== WHAT THIS TASK INVOLVES ==
Print the records below exactly, omitting all pictures.

== GIVEN DATA ==
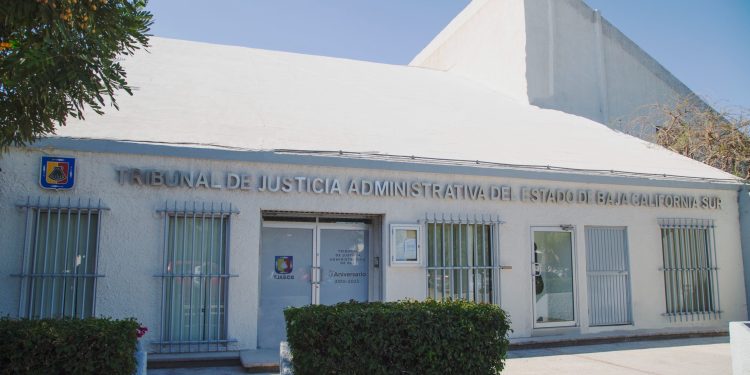 PARTICIPA TJABCS EN LA OBRA “HACIA UN CÓDIGO NACIONAL DE JUSTICIA ADMINISTRATIVA “: RETOS Y EXPECTATIVAS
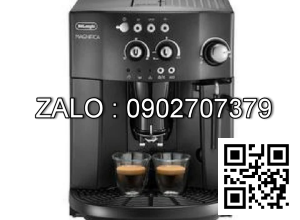 Máy pha cà phê Delonghi ESAM 4000.B BF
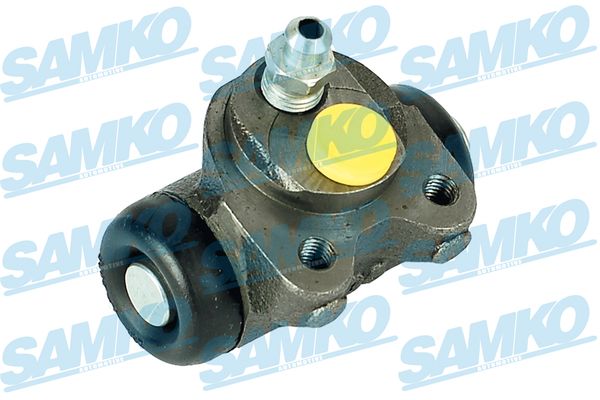 8032532011546 | Wheel Brake Cylinder SAMKO C08222
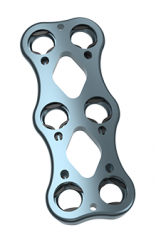 BLUE RIDGEâ„¢ Cervical Plate System Product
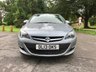 USED 2013 13 VAUXHALL ASTRA 1.4 SRI 5d 98 BHP Low Mileage Full Service History !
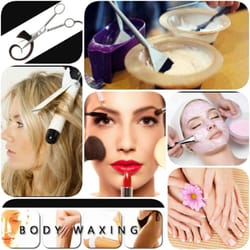 Infinite Beauty - From haircuts to facials.... at Infinite Beauty the possibilities are Infinite!!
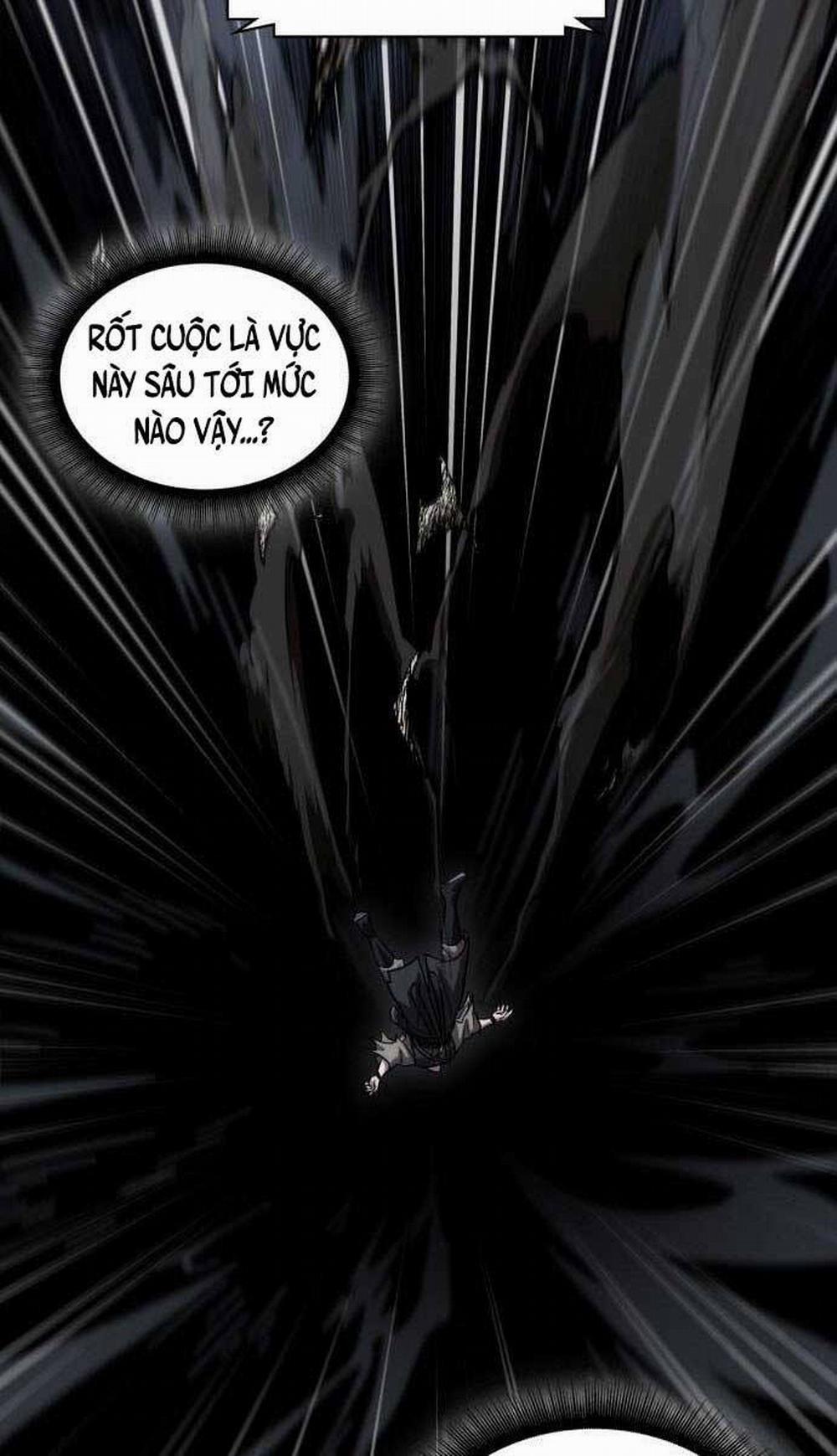 Ngã Lão Ma Thần 146 trang 63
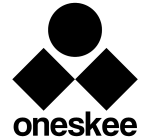 Logo for Oneskee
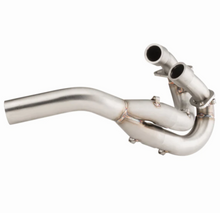 Load image into Gallery viewer, Big Gun 06-14 Yamaha Raptor 700 Head Pipe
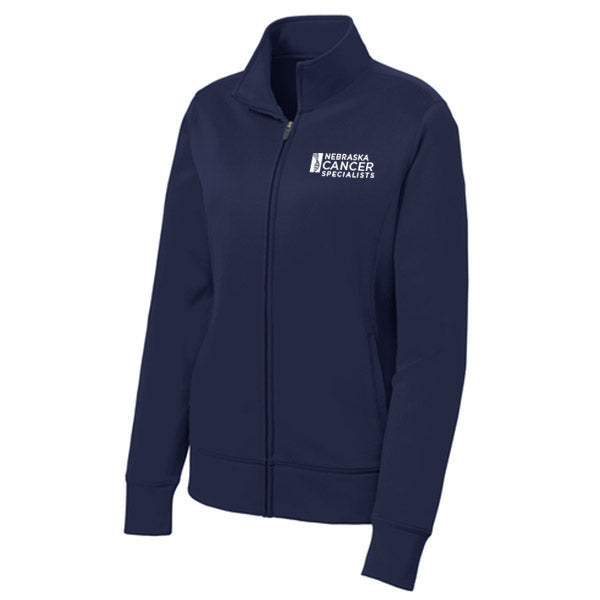 Ladies Original Full Zip Jacket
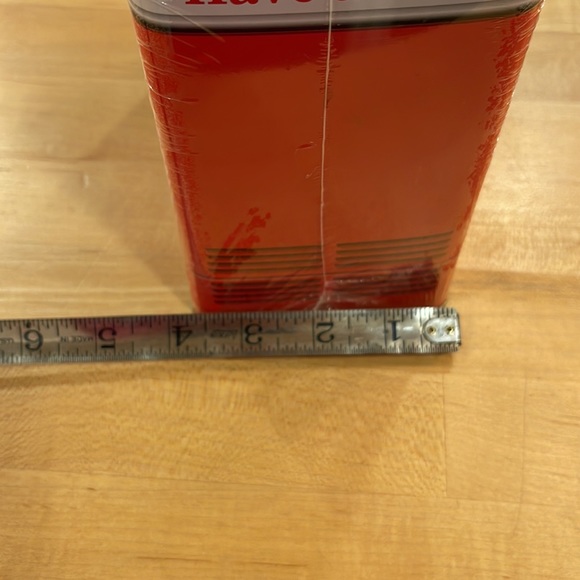 1950s coca-cola Vending Machine Tin with Glass, Straw and Mini Tray NIP - Picture 14 of 14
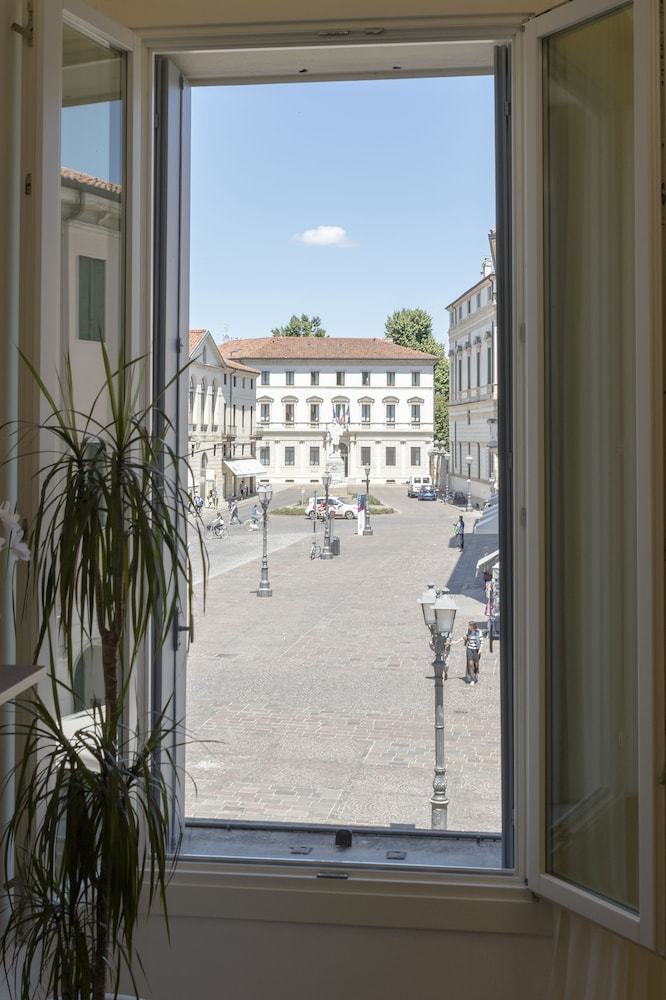 Apartamento Le Dimore Del Conte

== RESPONSE ==
 PARTICIPA TJABCS EN LA OBRA “HACIA UN CÓDIGO NACIONAL DE JUSTICIA ADMINISTRATIVA “: RETOS Y EXPECTATIVAS
 Máy pha cà phê Delonghi ESAM 4000.B BF
 8032532011546 | Wheel Brake Cylinder SAMKO C08222
 BLUE RIDGEâ„¢ Cervical Plate System Product
 USED 2013 13 VAUXHALL ASTRA 1.4 SRI 5d 98 BHP Low Mileage Full Service History !
 Infinite Beauty - From haircuts to facials.... at Infinite Beauty the possibilities are Infinite!!
 Ngã Lão Ma Thần 146 trang 63
 Logo for Oneskee
 Load image into Gallery viewer, Big Gun 06-14 Yamaha Raptor 700 Head Pipe
 Ladies Original Full Zip Jacket
 1950s coca-cola Vending Machine Tin with Glass, Straw and Mini Tray NIP - Picture 14 of 14
 Apartamento Le Dimore Del Conte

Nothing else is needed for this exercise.